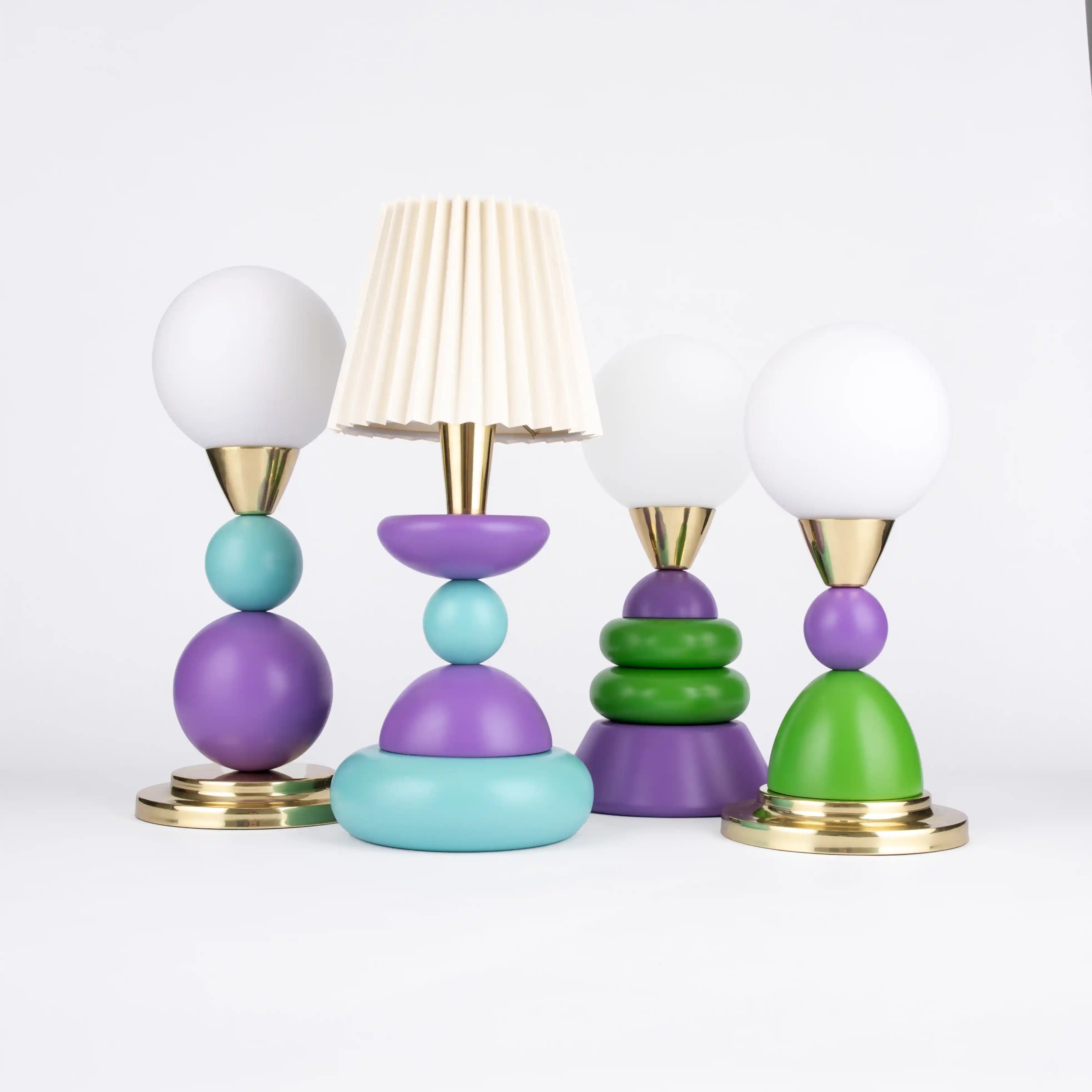 Renkli Masa Lambalarıyla Dekorasyonunuzu Canlandırmanın Yolları ve Kullanım İpuçları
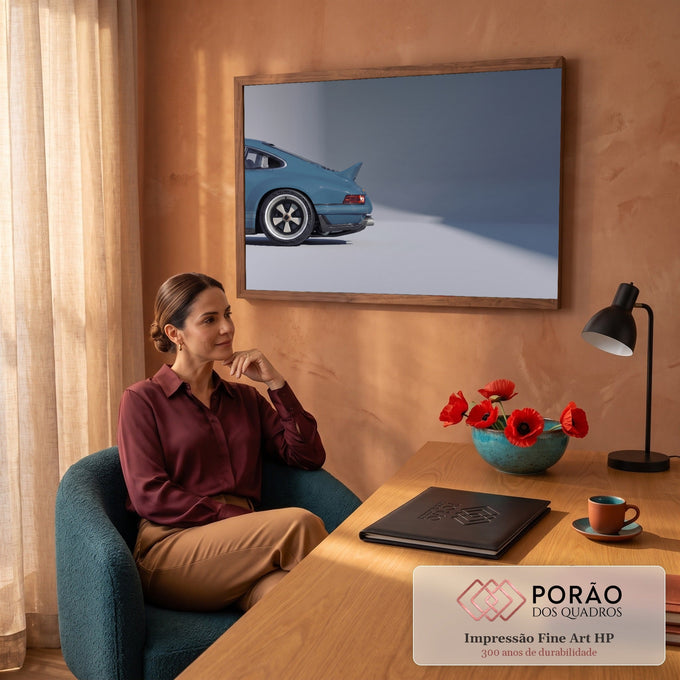 Traseira de Porsche 911 clássico azul com aerofólio e rodas Fuchs em estúdio cinza, quadro decorativo
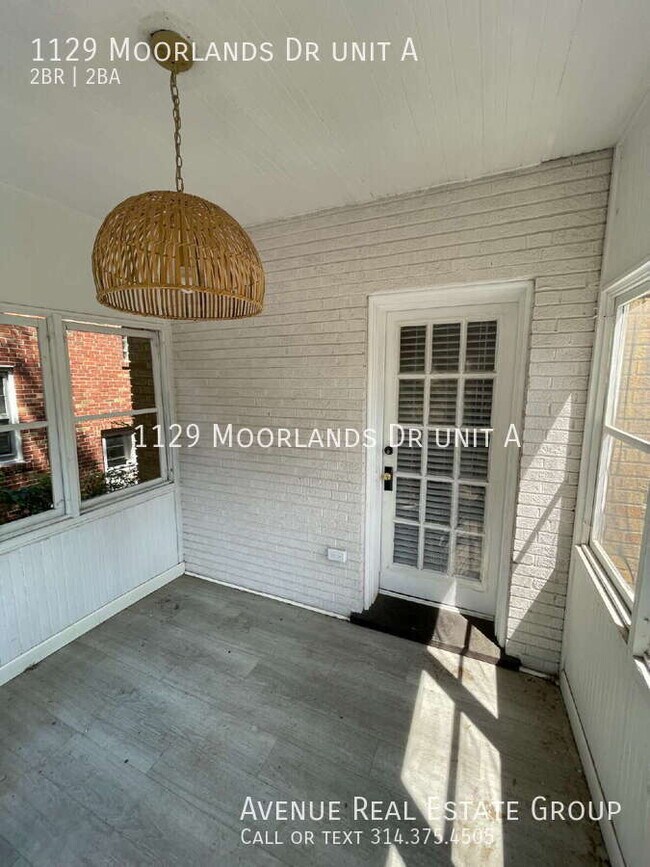 Building Photo - 1129 Moorlands Dr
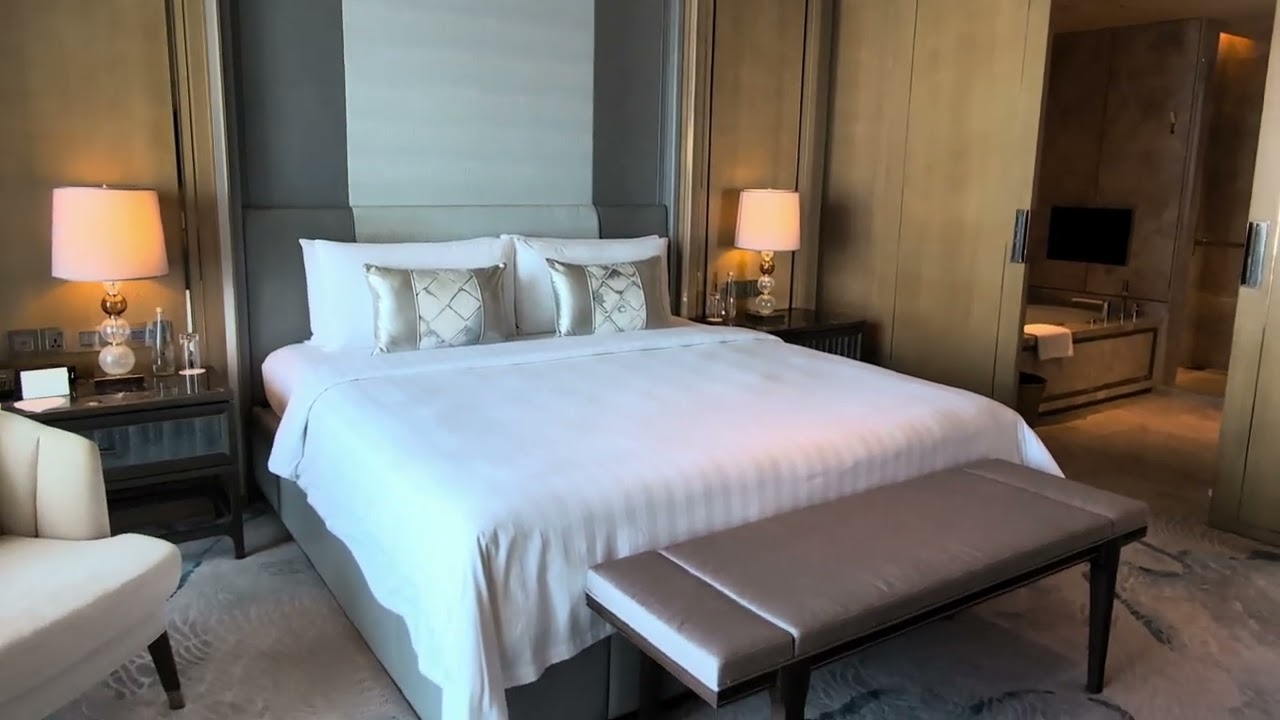 Colombo, Sri Lanka - Shangri-La Colombo - Specialty Suite tour (Maya Suite 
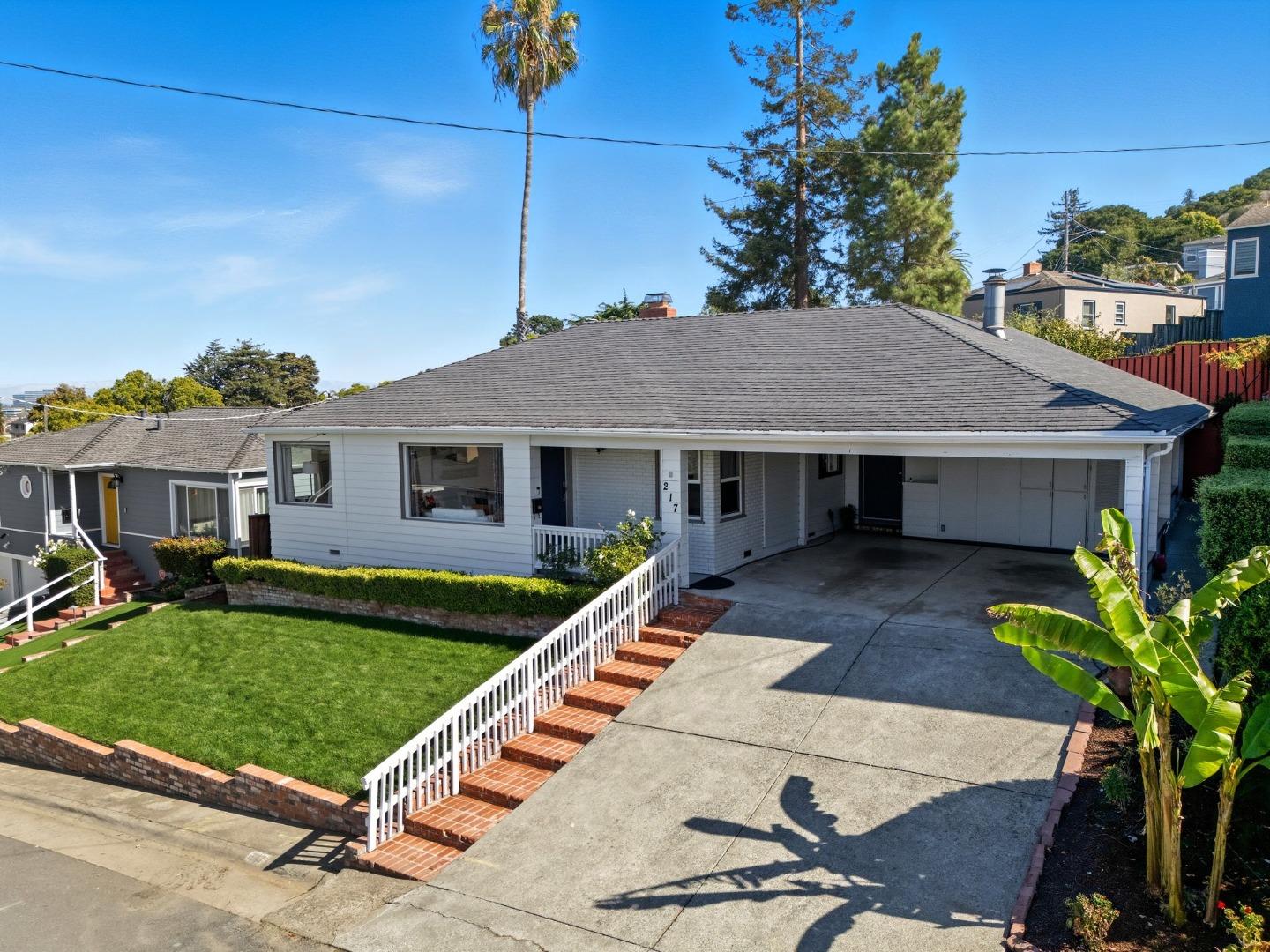 Front Image Thumbnail for ML82022207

::::::::::

Restate the entries word for word, though any image they contain should not appear.

 Renkli Masa Lambalarıyla Dekorasyonunuzu Canlandırmanın Yolları ve Kullanım İpuçları
 Traseira de Porsche 911 clássico azul com aerofólio e rodas Fuchs em estúdio cinza, quadro decorativo
 Building Photo - 1129 Moorlands Dr
 Colombo, Sri Lanka - Shangri-La Colombo - Specialty Suite tour (Maya Suite 
 Front Image Thumbnail for ML82022207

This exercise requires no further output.